ATTRACTING and keeping talents remain one of the most pressing challenges confronting the billion-dollar information technology-business process management (IT-BPM) sector in the country, a key official said.
According to IT and Business Process Association of the Philippines (IBPAP) executive director Penny Bongato, only eight or nine out of 100 applicants are qualified for positions being offered in the industry.
This challenge poses a threat, not only to companies, but more importantly, to the Philippine economy, where IT-BPM contributes a huge chunk to the gross domestic product (GDP).
“Our competitors are global and if they’re not happy, they can transfer to another country,” warned Bongato, who was in Cebu on Wednesday, together with IT experts in the country, for the Cebu Digital Transformation Summit, a two-day activity held at the Radisson Blu Hotel in line with Cebu Business Month.

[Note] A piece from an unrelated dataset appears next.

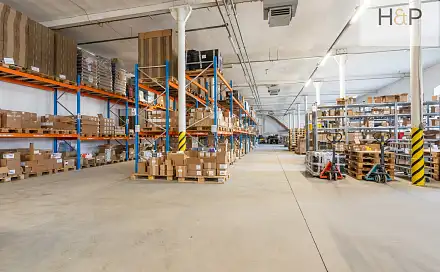 Pronájem skladovacích prostor 1 260 m², Janáčkova, Jeseník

Cebu City, according to global consultancy firm Tholons, is the world’s seventh best site for outsourcing in the world. Locally, the IT-BPM industry is estimated to have employed some 150,000 people.

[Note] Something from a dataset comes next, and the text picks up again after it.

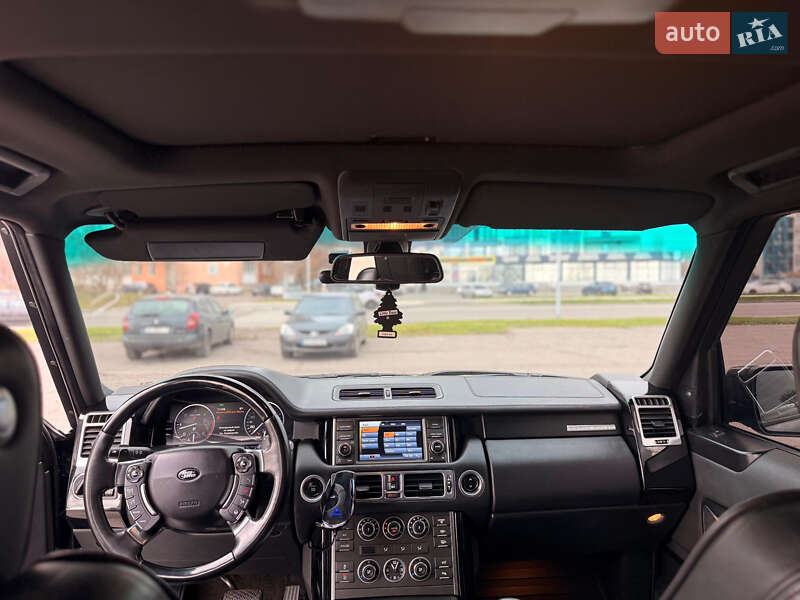 Внедорожник / Кроссовер Land Rover Range Rover 2011 в Черкассах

In the hiring process, the IBPAP executive director said a company looks into four main factors for entry-level careers in the IT-BPM industry: learning ability, English proficiency, computer literacy, and perceptual speed and accuracy.
“There will be 585,000 graduates this year. There is supply, but are they qualified?” Bongato said.
In the IT field, Philippine Software Industry Association (PSIA) president Jonathan de Luzuriaga said it would take employers six months to train fresh graduates.
“If we can only double this (the eight to nine percent qualified workforce), we can grow further,” said Bongato.
One of the most dynamic and fastest-growing sectors, IT-BPM in the country generated $22 billion revenue in 2015, and has been growing at a double-digit rate annually.
It is expected to exceed revenues from OFW remittances in the next few years.
This year, Bongato said IT-BPM expects to generate $25 billion in revenues and directly employ at 1.3 million.
One of the IBPAP-led initiatives to reinforce the continued growth of the sector is the service management specialization track or service management program (SMP) introduced to undergraduate education.
SMP is a 21-unit minor course taken by business and IT majors in college intending to go into IT-BPM and other service industries. Through the help of the Commission on Higher Education (CHED), Bongato said the course has already been adopted by 17 state universities in the country. Howerver, none of Cebu’s universities have incorporated the SMP in their curriculum.
“If you want to grow your company, you have to get involved in education,” the IBPAP official told the audience composed of top officials in the IT BPM sector.
Even without the SMP, Bongato encouraged companies in Cebu to reach out to schools and start linkages with them by accepting internships or encouraging faculty immersions.
“Industry associations (like IBPAP) can only do so much. It has to be you who should go to the schools. The schools are more willing to partner with you,” she assured them. The official also told companies to inform the academe that there is a career in the IT BPM industry.
The University of the Philippines Open University, an online learning school, also offers e-SMP. Traditional schools that have SMP in their curriculum are Lyceum of the Philippines University, Asia Pacific College, and University of Makati, among others.